Wspaniała inauguracja ' niedżwiadków '
Bardzo udaną inaugurację rozgrywek piłkarskiej III ligi mają za sobą piłkarze Kaszubii Kościerzyna, którzy przed własną publicznością pokonali Chemika Police 4:1 (3:1).
Na bramki w meczu, który rozpoczął się z 15-minutowym opóźnieniem spowodowanym zbyt późnym przyjazdem drużyny gości, długo nie trzeba było czekać. Już w 7. minucie z lewej strony piłkę w pole karne posłał Kewin Wesołowski, a celnym strzałem głową wynik otworzył Mateusz Łuczak. W 26. minucie kościerzynianie podwyższyli prowadzenie. Tym razem z rzutu wolnego dobrą centrę w „szesnastkę” rywali posłał Michał Drzymała, a futbolówkę głową musnął Bartosz Prokopów i golkiper gości został zmuszony do wyciągania piłki z siatki po raz drugi. „Niedźwiadki” mimo prowadzenia nie miały zamiaru oddawać pola rywalowi i dążyła do kolejnych zdobyczy bramkowych. W 37. minucie ładny strzał zza pola karnego oddał Błażej Troka, a bramkarz odbił piłkę przed siebie. Najpierw dobitki próbował Michał Drzymała, lecz nieskutecznie. W dobrym miejscu w dobrym czasie znalazł się jednak Karol Styś, który dopełnił formalności, strzelając gola na 3:0. Policzanie nie potrafili w szczególny sposób zagrozić bramce Mateusza Macholi, o ile nie postarali się o to sami bordowo-biali. Dwukrotnie zbyt ryzykowna gra na tyłach spowodowała, że Chemik mógł pokusić się o bramkę. Na szczęście dla gospodarzy, tak się nie stało. Jednak w ostatniej akcji meczu goście zdołali zmniejszyć stratę. Po strzale z rzutu wolnego i dobitce z bliskiej odległości, gola dla Polic zdobył Bartosz Gołębiowski.

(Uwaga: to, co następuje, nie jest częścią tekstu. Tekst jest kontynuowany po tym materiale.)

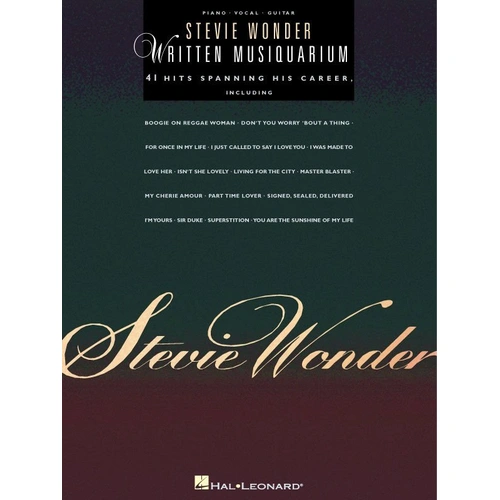 Stevie Wonder - Written Musiquarium PVG Songbook for Piano and Guitar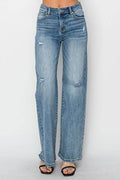 RISEN Full Size High Waist Distressed Wide Leg Jeans - Hovatok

Druga połowa rozpoczęła się od dobrej akcji na prawej stronie, z której dośrodkowanie na dalszy słupek posłał Michał Drzymała. Niestety, Błażej Troka nie trafił czysto w futbolówkę i z jego uderzeniem bez problemu poradził sobie bramkarz. W 60. minucie na placu gry pojawił się Jan Przybyszewski, który na wpisanie się na listę strzelców potrzebował dokładnie 5 minut. Tym razem asystą popisał się Adrian Wysiecki, zagrywając piłkę do niepilnowanego Przybyszewskiego, a ten z najbliższej odległości wpakował futbolówkę do siatki. W 71 minucie Kaszubia byłą niezwykle bliska piątej bramki. Po strzale głową Dawida Klawikowskiego co niektórzy już widzieli piłkę w siatce, jednak ta próba okazała się minimalnie niecelna. Do końca spotkania wynik już nie uległ zmianie i podopieczni Pawła Budziwojskiego w pełni zasłużenie pokonali rywala 4:1.